-------- RECORDS SHOWN

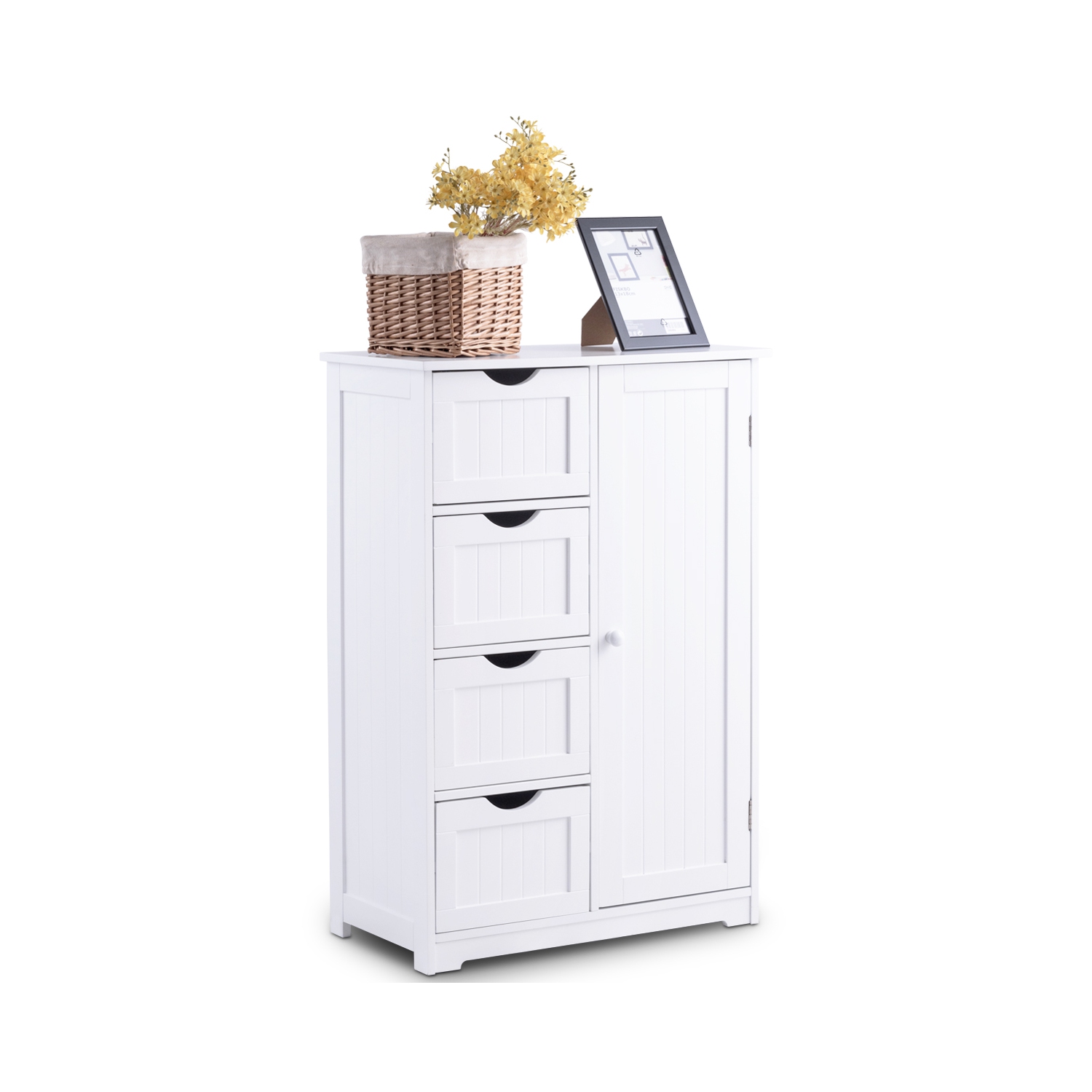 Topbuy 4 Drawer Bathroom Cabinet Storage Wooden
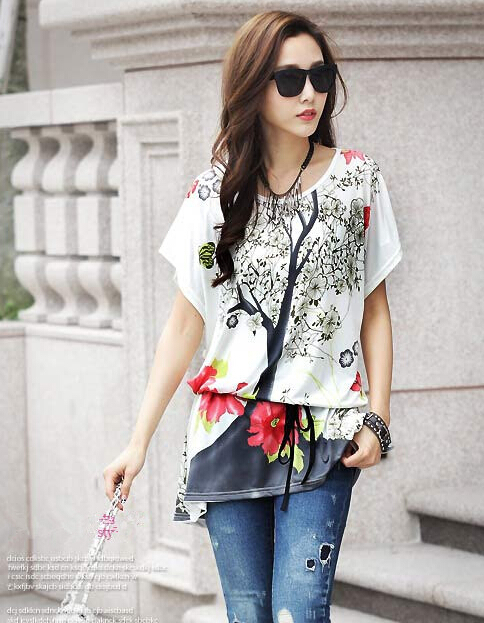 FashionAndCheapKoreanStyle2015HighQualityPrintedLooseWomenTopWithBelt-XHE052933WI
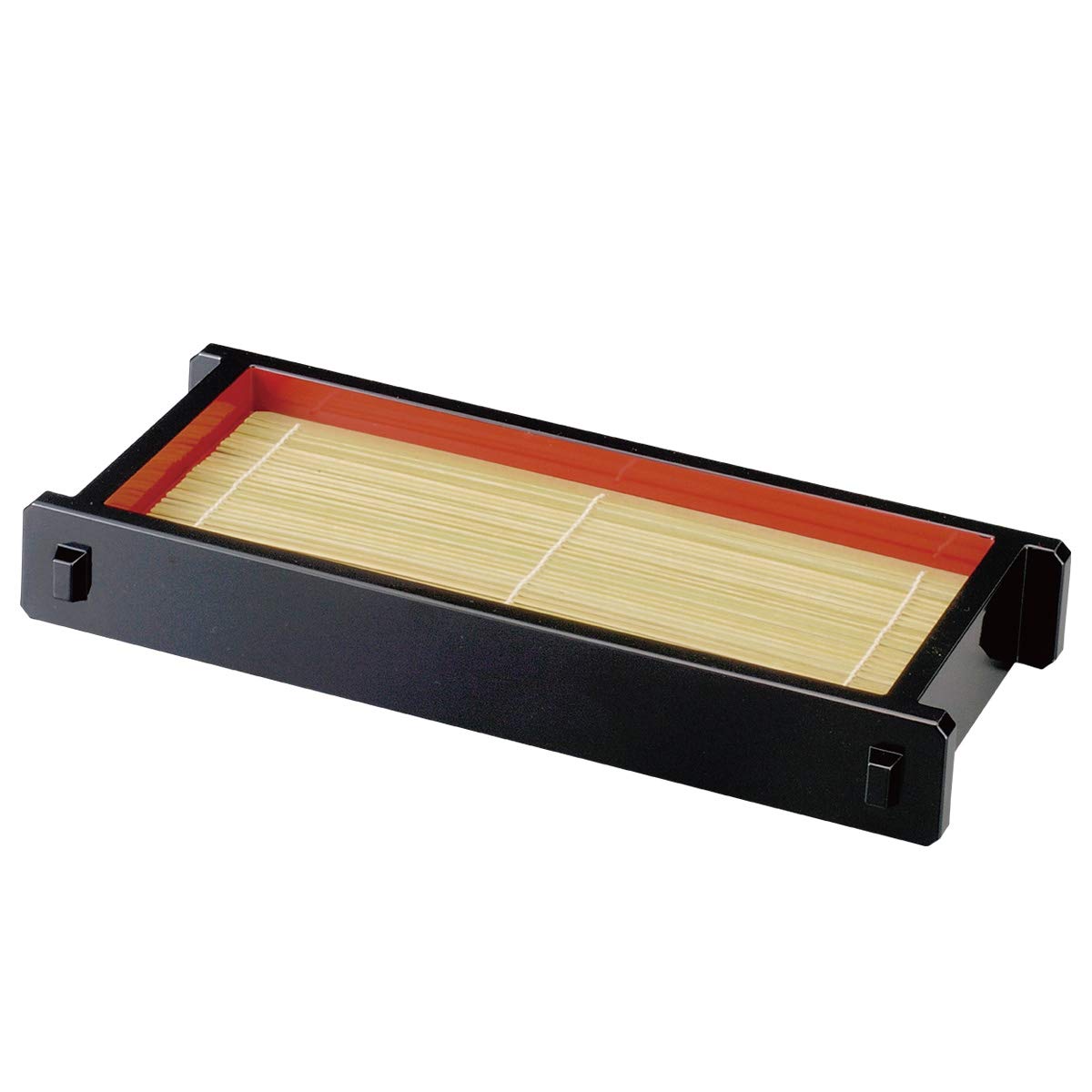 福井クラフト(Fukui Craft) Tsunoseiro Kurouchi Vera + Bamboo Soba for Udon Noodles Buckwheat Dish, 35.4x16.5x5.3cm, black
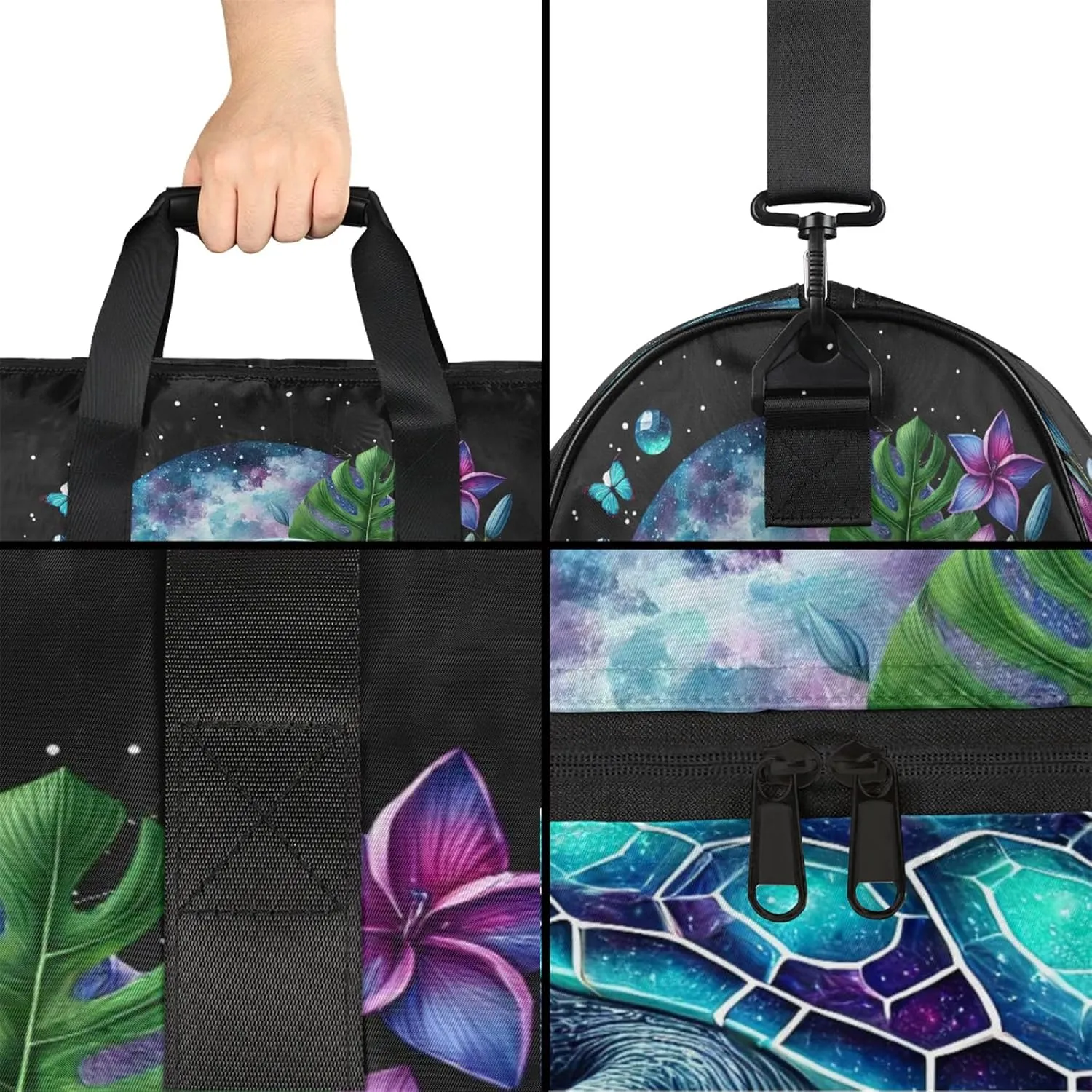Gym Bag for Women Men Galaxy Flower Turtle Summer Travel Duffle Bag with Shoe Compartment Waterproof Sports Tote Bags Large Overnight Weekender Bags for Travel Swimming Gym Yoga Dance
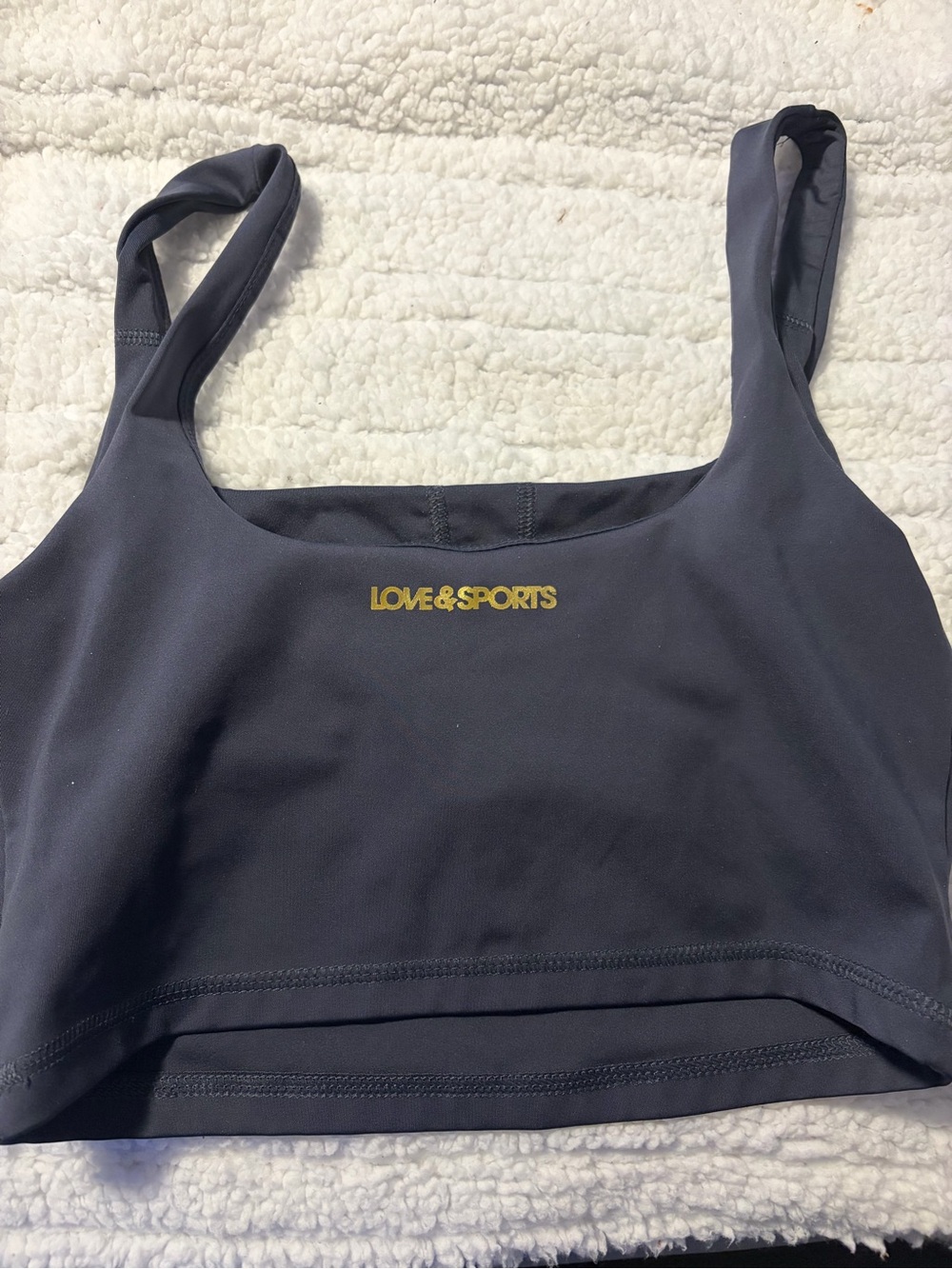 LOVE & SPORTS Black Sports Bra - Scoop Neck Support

----------------

◆ WORK ORDER
Starting at the line that contains "Gym Bag for" and ending at the final line of the data, reproduce each line exactly. Pictures stay out of the copy.

◆ ANSWER AREA
Gym Bag for Women Men Galaxy Flower Turtle Summer Travel Duffle Bag with Shoe Compartment Waterproof Sports Tote Bags Large Overnight Weekender Bags for Travel Swimming Gym Yoga Dance
 LOVE & SPORTS Black Sports Bra - Scoop Neck Support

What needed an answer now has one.